TU VAIS PARA PADRE PARA ARRANJARES DINHEIRO.

Surgiu-me, já na juventude no meu ansioso caminho a Obra da Rua com o Padre Américo enamorado da pobreza a proclamá-la como força vencedora deste desprezo humano. Uma pobreza que não era somente um voto - os padres da rua não fazem votos - mas uma pobreza que acima de tudo era uma comunhão com os pobres, os desprezados e diminuídos. Uma pobreza que além do nojo pelo dinheiro utilizava-o para aliviar o sofrimento de tanta gente! Eu vi então uma pobreza a sério, que me obrigaria a viver com os pobres e como eles. Era esta a coerência que me dominava e fornecia forças para vencer os obstáculos que se opunham à minha paixão.

As vozes começaram a soar: ele vai para a Casa do Gaiato porque não é capaz de mais nada!...

Agora as vozes levantam o som: a Obra da Rua não é o único e exclusivo caminho de seguir Jesus Cristo. Ele (eu) tem uma linguagem escrita que parece o padre da Lixa, etc..

Sei muito bem que igreja católica é enriquecida de variadíssimos carismas e que todos os cristãos podem alcançá-los, mas a vida de qualquer sacerdote, para ser apostolicamente eficaz, tem de ser marcada pela virtude da pobreza e pelo zelo sério e discreto dos mais pobres.

Era mais cómodo calar-me... mas perante tanta indiferença, mentira e injustiça não sou capaz.

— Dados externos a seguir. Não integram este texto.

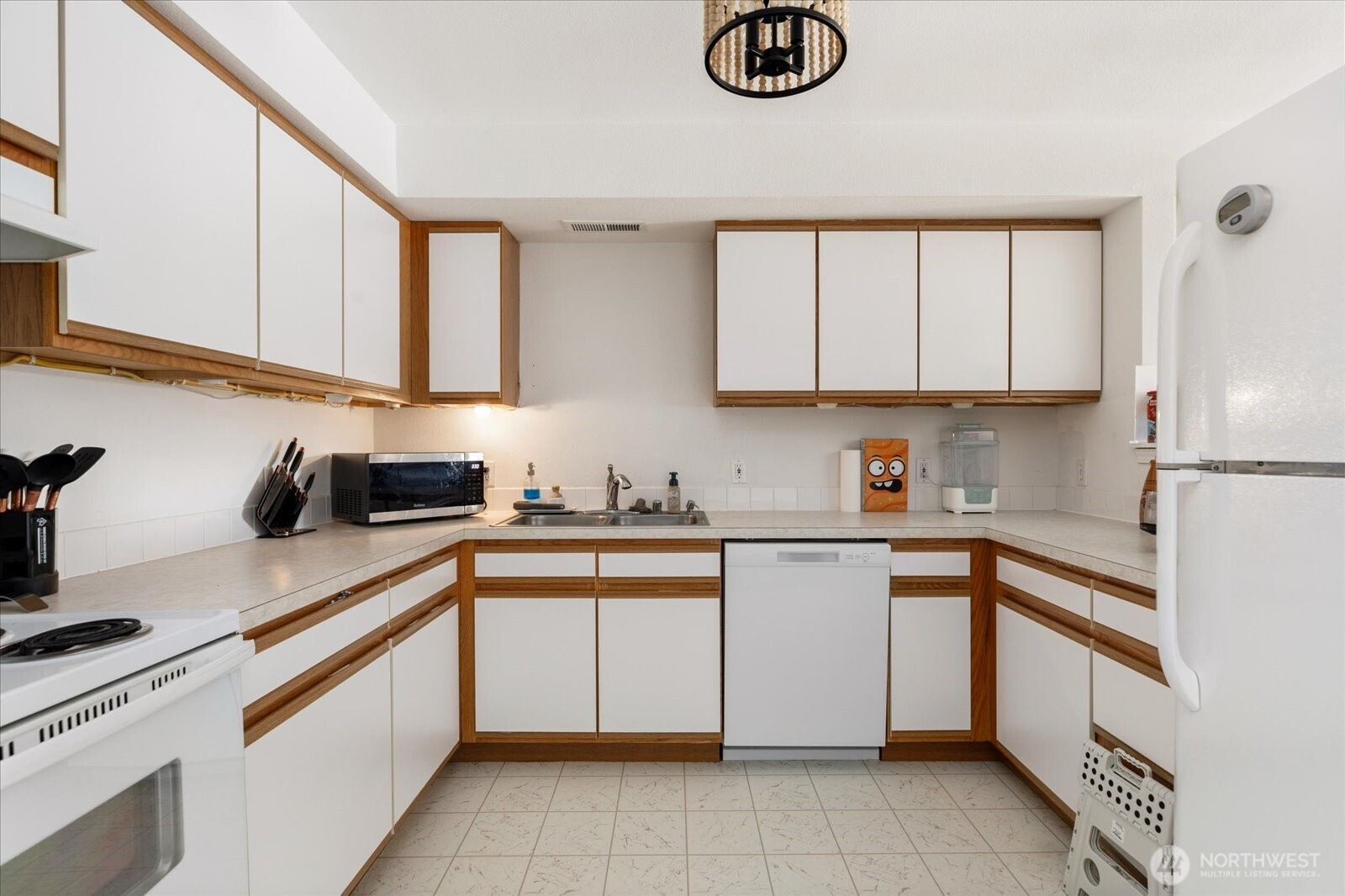 30875 State Rte 20, Unit M2 Oak Harbor, WA 98277 - Photo 10 of 29 a kitchen with cabinets appliances a sink and a counter space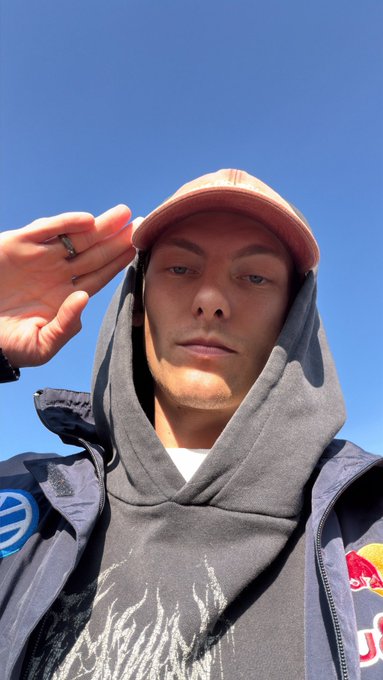 A selfie of a young man wearing a red cap, gray hoodie, and gray jacket, saluting against a clear blue sky.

Não quero atacar ninguém mas somente banir da sociedade actual e de quem as dirige, estes infernais e horrendos pecados, próprios de uma política maquiavélica que esquece os seus compromissos constitucionais em favor da conveniência partidária e se cala para não fazer ondas.

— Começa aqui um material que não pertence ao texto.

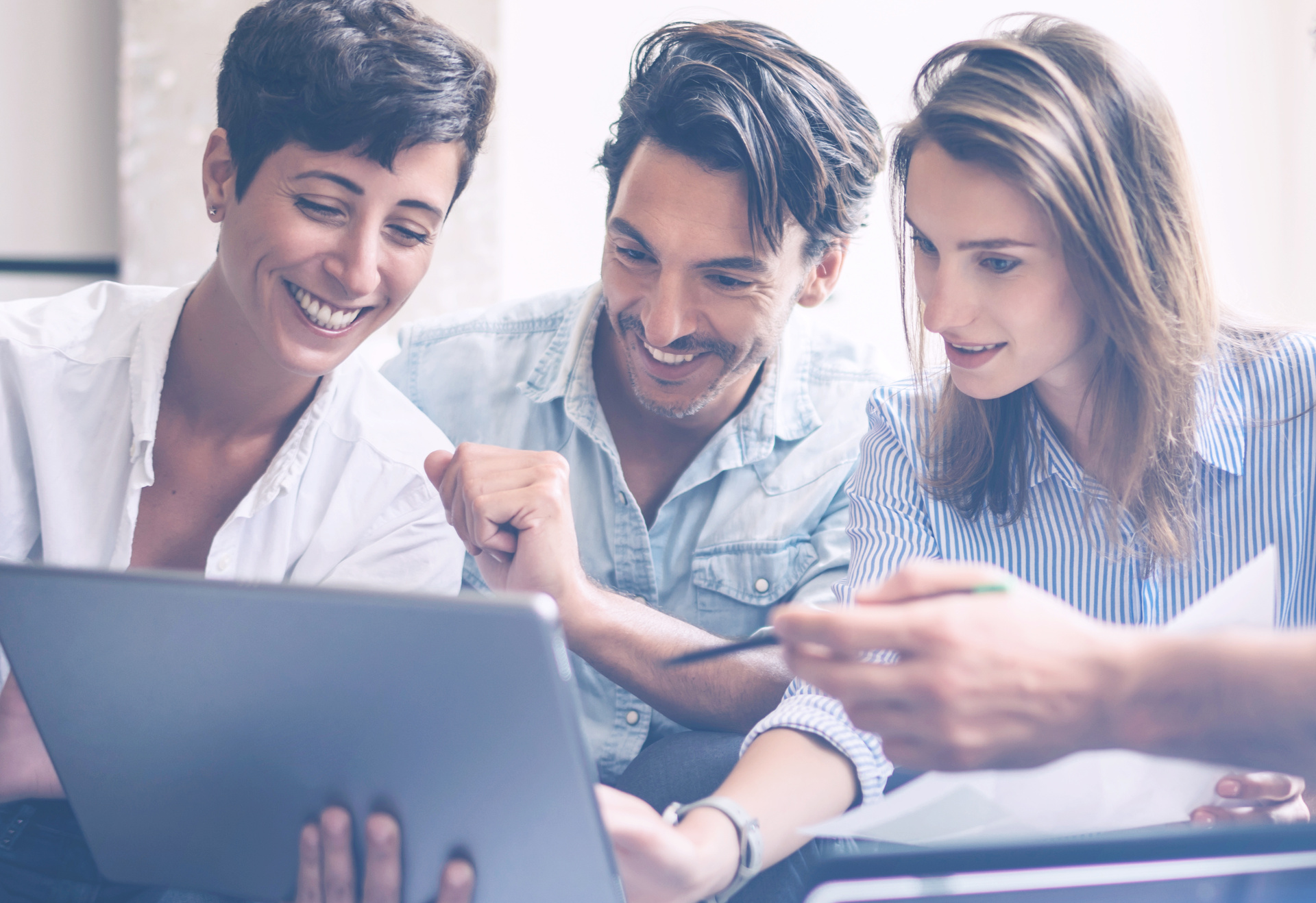 Teamwork process.Young entrepreneur work with new startup project in office.Woman holding touch pad in hands.Horizontal, blurred, flare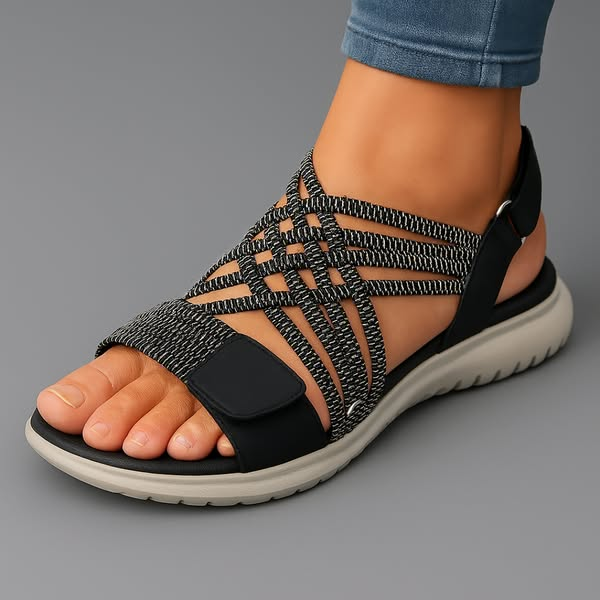 Detail view of the black walking sandals' soft, cushioned insole, emphasizing the supportive design for foot comfort.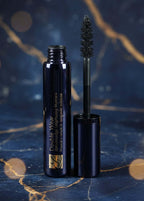 Estée Lauder Double Wear Zero-Smudge Lengthening Mascara, un tub elegant de mascara cu aplicator, pe un fundal artistic albastru.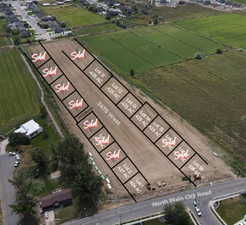 Birds eye view of property with a rural view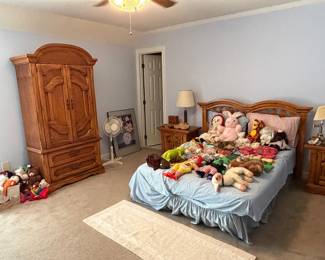 Bedroom with oak armoire, bed, nightstands and large stuffed animal collection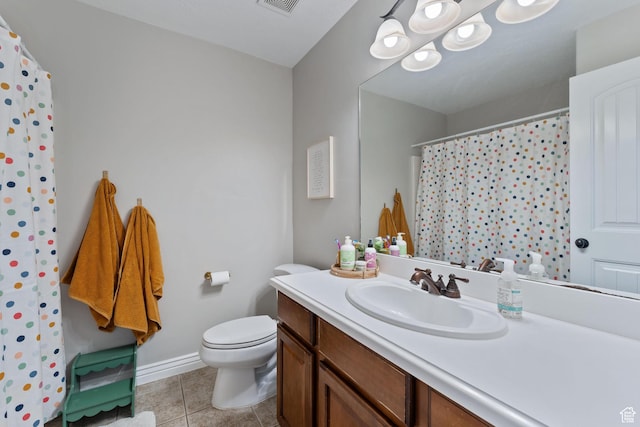 bathroom featuring visible vents, baseboards, toilet, tile patterned floors, and vanity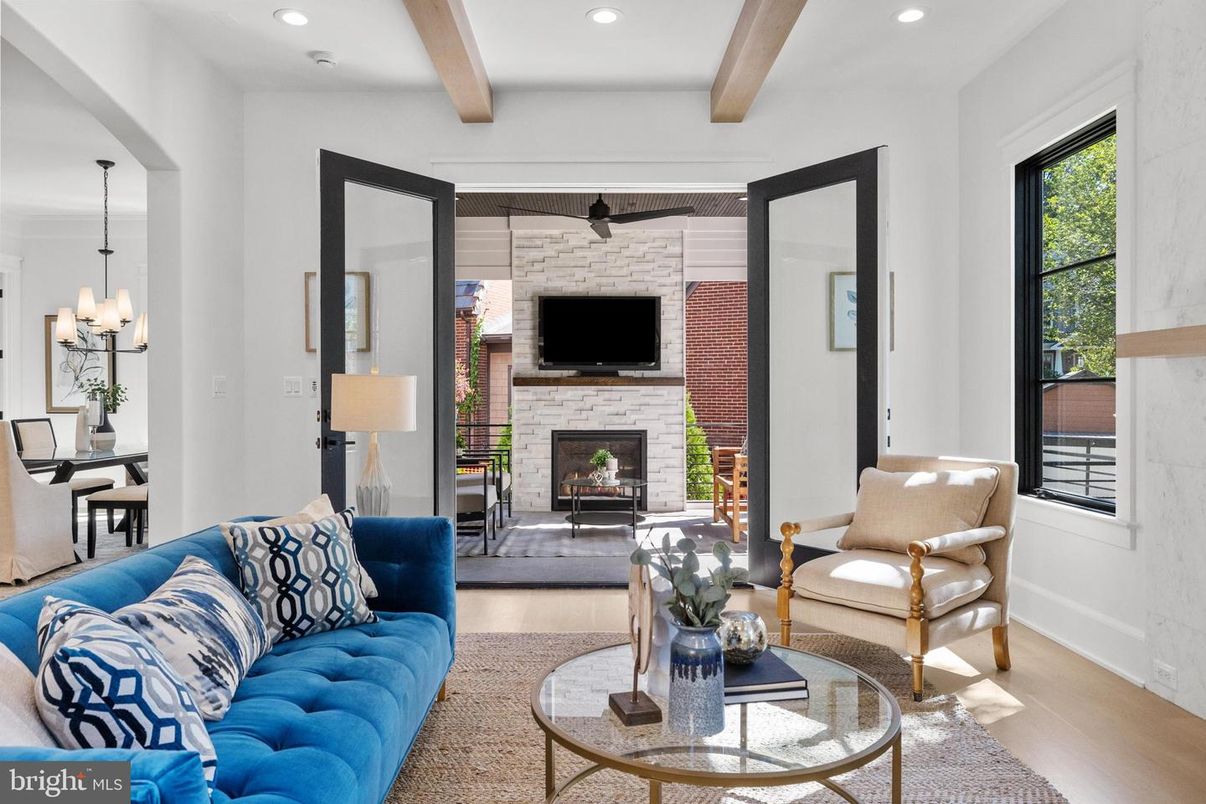 Chandelier, Dining room, Fireplace, Interior, Living room, Recessed Lighting, Stone Walls, Wooden Beams, Wood Texture Flooring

Enquanto me aparecer, como ontem, uma pobre mulher que alugou um quarto por 250 euros/mês e agora deve quatro mensalidades e está ameaçada de ir para a rua, sem trabalho e sem perspetivas dele, não me posso calar. Interpretem como quiserem digam o que lhes vier à cabeça que eu não me estou a defender de ninguém, mas somente os excluídos e os em vias de exclusão...

O problema habitacional é cada vez mais grave e ninguém lhe põe a mão como devia e se comprometeu. Um dos meus alugou um T2 por 600 euros e, por mais voltas que desse, não conseguiu, em parte nenhuma, nada mais barato.

Como é possível viver a pagar a casa por um preço destes ganhando apenas um salário mínimo? Estará esta situação para se alterar brevemente? Nada nem ninguém me diz que sim. Que hei-de fazer eu?

O problema entre nós é tão grande e dispendioso que só o Governo lhe poderá dar algum remédio.